* _EXERCISE PROMPT_
Each line, starting at the one with "Engine MAZDA CX-30" and running to the end of the data below, is to be set down again exactly, both ends included; leave pictures out.

# # # # # # #

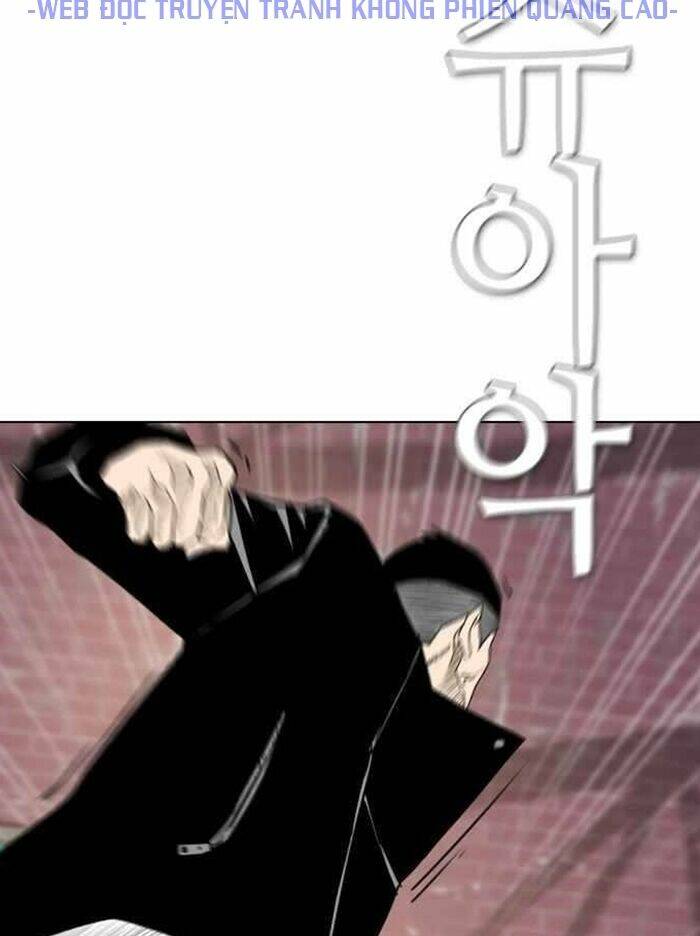 kẻ hồi sinh chapter 156 11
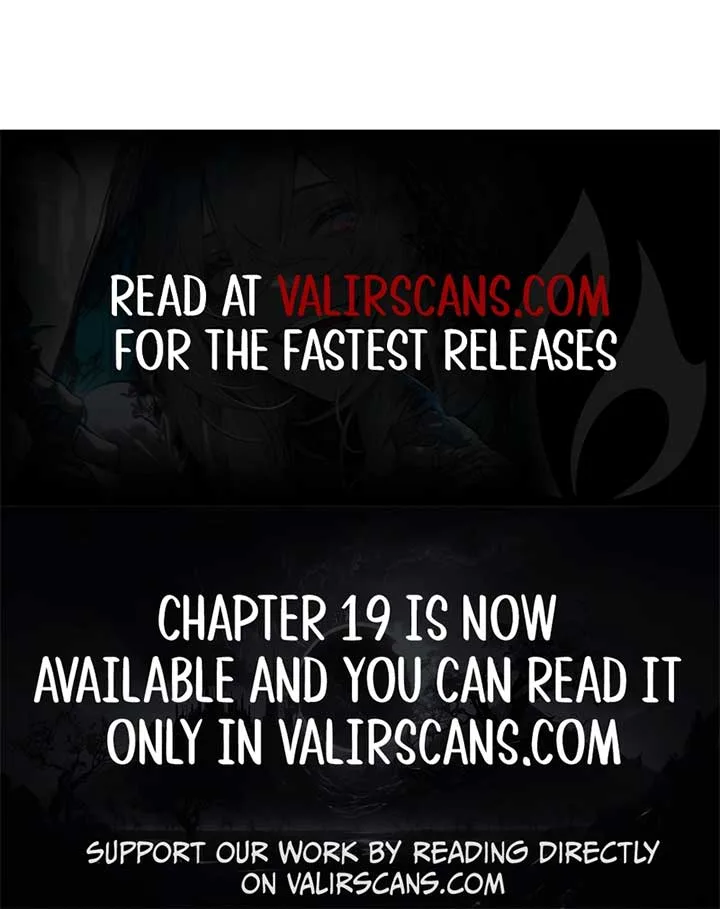 Tyrano Noh Kyung-soo Chapter 17 page 13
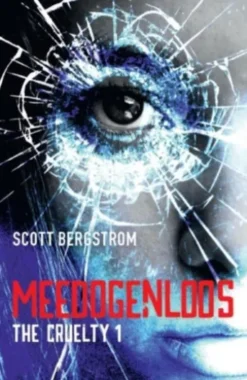 Meedogenloos
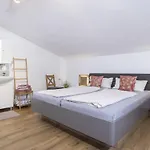 Weiher By Interhome Haslach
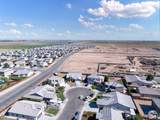 141 Louis Ct - Photo 32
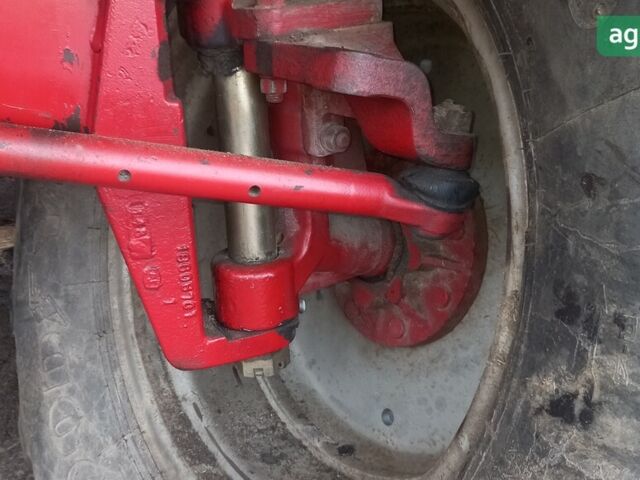 Кейс 2388, объемом двигателя 0 л и пробегом 0 тыс. км за 62000 $, фото 12 на Automoto.ua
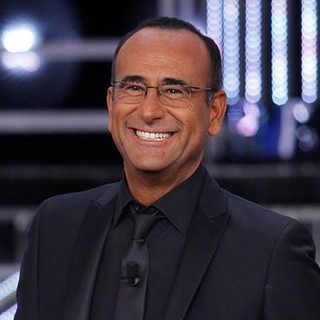 Fonte foto: Facebook Fonte foto: Facebook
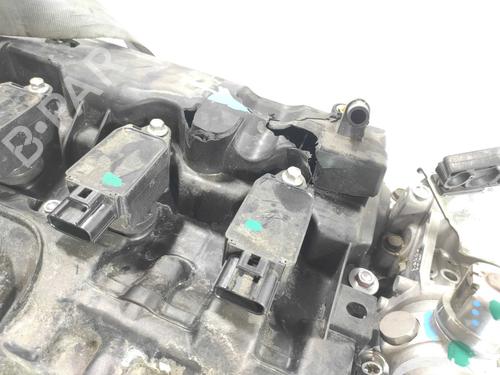 Engine MAZDA CX-30 (DM) SKYACTIV-G M Hybrid | BP19163947M1 - Image 18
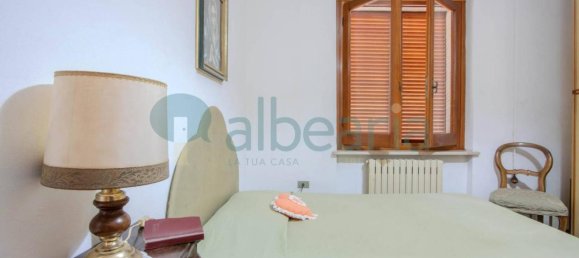 Villa de 11 divisões em Follonica, Italy N.º 36032 16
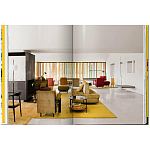 Interiors now! 40th Anniversary edition варинант исполнения - 2 | Loft Concept в Орле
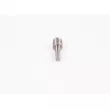 BOSCH 0 433 175 298 - Nez d'injecteur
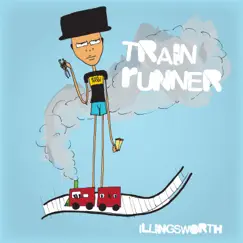 Train Runner by Illingsworth album reviews, ratings, credits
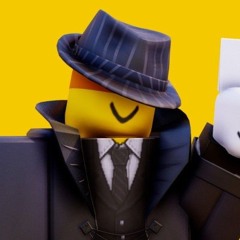 Mafiosooooooooo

# # # # # # #

* _RESULT_
 Engine MAZDA CX-30 (DM) SKYACTIV-G M Hybrid | BP19163947M1 - Image 18
 Villa de 11 divisões em Follonica, Italy N.º 36032 16
 Interiors now! 40th Anniversary edition варинант исполнения - 2 | Loft Concept в Орле
 BOSCH 0 433 175 298 - Nez d'injecteur
 Train Runner by Illingsworth album reviews, ratings, credits
 Mafiosooooooooo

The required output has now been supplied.